Segment Open

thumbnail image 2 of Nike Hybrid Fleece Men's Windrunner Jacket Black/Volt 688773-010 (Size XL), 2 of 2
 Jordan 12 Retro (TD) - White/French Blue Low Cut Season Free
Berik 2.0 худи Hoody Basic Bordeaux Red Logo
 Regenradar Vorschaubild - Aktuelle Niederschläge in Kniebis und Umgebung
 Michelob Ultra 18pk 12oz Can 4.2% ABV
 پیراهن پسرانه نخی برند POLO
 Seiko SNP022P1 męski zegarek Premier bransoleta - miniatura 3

Segment Closed

== What you are asked to do ==
Give the entries again in full, with nothing changed.

== Completed task ==
thumbnail image 2 of Nike Hybrid Fleece Men's Windrunner Jacket Black/Volt 688773-010 (Size XL), 2 of 2
 Jordan 12 Retro (TD) - White/French Blue Low Cut Season Free
Berik 2.0 худи Hoody Basic Bordeaux Red Logo
 Regenradar Vorschaubild - Aktuelle Niederschläge in Kniebis und Umgebung
 Michelob Ultra 18pk 12oz Can 4.2% ABV
 پیراهن پسرانه نخی برند POLO
 Seiko SNP022P1 męski zegarek Premier bransoleta - miniatura 3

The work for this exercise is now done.